◆ Exercise requirements ◆
Extract every line from the records below that contains the word "Canvas".

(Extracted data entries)
--*--
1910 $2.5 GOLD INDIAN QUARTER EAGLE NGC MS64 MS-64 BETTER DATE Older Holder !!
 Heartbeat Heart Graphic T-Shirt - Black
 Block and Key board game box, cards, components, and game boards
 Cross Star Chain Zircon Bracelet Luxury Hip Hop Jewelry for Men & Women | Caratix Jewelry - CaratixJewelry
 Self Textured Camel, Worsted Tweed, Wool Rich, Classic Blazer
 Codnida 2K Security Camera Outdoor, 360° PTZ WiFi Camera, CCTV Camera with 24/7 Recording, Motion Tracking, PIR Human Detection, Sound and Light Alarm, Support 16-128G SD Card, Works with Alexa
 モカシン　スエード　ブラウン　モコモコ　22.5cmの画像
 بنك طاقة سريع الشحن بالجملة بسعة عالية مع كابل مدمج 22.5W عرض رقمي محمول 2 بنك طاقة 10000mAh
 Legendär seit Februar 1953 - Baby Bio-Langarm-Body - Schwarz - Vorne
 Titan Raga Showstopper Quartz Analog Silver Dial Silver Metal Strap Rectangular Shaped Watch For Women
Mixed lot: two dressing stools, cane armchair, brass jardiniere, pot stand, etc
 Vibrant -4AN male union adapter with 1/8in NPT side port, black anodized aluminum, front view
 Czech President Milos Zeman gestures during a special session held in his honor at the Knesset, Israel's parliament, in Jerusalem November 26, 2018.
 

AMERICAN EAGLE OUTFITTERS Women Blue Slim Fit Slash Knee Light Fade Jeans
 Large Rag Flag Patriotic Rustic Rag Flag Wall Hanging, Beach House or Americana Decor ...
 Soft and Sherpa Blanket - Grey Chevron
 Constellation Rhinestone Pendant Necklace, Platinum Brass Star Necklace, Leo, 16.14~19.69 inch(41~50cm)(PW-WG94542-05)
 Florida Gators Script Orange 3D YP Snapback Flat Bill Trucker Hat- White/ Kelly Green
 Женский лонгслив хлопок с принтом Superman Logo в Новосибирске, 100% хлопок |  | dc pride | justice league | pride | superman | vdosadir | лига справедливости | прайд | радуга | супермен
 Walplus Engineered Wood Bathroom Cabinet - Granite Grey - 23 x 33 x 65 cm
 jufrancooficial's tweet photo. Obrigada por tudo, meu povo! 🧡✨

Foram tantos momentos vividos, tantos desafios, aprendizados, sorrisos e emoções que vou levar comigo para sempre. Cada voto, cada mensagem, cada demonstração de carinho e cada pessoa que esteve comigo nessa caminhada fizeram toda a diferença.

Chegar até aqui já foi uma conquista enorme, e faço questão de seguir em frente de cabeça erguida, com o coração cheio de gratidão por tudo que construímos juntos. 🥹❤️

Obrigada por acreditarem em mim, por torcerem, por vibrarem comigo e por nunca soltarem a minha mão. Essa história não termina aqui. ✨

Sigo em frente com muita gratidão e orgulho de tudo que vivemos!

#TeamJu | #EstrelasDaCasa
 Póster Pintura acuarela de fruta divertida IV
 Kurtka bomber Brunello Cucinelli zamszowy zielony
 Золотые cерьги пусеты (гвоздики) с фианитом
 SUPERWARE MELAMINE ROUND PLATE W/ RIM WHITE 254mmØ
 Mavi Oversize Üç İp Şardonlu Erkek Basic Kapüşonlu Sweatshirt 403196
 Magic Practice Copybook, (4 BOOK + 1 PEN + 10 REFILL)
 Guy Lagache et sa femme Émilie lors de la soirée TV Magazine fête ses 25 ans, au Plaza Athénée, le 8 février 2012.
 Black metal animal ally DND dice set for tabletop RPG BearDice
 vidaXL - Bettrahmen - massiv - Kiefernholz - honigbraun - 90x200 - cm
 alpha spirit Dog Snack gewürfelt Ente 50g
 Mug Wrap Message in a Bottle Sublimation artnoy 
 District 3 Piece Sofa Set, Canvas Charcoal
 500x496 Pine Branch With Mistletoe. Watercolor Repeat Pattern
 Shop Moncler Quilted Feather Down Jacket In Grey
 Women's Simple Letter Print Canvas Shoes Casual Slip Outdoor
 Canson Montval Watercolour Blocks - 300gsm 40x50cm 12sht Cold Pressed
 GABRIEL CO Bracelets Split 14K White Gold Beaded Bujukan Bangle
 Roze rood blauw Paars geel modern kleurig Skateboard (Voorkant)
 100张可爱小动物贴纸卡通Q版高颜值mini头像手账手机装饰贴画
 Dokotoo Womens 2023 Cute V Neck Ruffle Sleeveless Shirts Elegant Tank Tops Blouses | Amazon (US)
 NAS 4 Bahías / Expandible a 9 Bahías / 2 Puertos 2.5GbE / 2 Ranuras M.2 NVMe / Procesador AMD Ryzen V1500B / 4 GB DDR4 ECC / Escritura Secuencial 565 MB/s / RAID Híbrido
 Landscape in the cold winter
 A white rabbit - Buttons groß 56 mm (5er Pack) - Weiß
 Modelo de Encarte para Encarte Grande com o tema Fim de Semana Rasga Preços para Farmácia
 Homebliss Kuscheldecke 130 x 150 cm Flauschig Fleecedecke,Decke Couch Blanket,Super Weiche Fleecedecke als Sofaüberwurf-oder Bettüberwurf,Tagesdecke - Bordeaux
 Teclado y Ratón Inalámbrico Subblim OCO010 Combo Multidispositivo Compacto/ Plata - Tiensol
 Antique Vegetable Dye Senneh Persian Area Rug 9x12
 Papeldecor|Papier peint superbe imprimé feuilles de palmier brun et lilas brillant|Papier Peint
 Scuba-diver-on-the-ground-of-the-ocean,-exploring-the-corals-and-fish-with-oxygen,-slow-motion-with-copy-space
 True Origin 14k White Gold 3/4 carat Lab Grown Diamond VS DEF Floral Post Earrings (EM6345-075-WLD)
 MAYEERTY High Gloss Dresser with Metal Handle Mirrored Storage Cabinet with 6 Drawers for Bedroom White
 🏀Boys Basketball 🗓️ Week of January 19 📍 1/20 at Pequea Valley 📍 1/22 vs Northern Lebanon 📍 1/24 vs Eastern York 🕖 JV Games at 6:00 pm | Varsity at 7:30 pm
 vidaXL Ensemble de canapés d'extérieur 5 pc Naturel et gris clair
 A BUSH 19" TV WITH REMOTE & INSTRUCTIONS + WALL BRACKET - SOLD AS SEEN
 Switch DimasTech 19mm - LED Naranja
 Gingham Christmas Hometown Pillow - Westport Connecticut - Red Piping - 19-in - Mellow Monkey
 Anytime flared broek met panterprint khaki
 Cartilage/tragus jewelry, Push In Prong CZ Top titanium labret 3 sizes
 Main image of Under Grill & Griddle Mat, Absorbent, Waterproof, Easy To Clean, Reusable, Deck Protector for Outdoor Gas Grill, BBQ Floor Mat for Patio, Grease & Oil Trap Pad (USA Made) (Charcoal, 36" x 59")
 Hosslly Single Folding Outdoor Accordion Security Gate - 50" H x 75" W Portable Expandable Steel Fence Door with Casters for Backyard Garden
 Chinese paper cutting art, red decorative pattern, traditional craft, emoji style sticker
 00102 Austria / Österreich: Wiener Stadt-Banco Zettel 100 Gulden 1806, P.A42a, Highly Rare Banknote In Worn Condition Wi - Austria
--*--
◆ Exercise output ◆
 District 3 Piece Sofa Set, Canvas Charcoal
 Women's Simple Letter Print Canvas Shoes Casual Slip Outdoor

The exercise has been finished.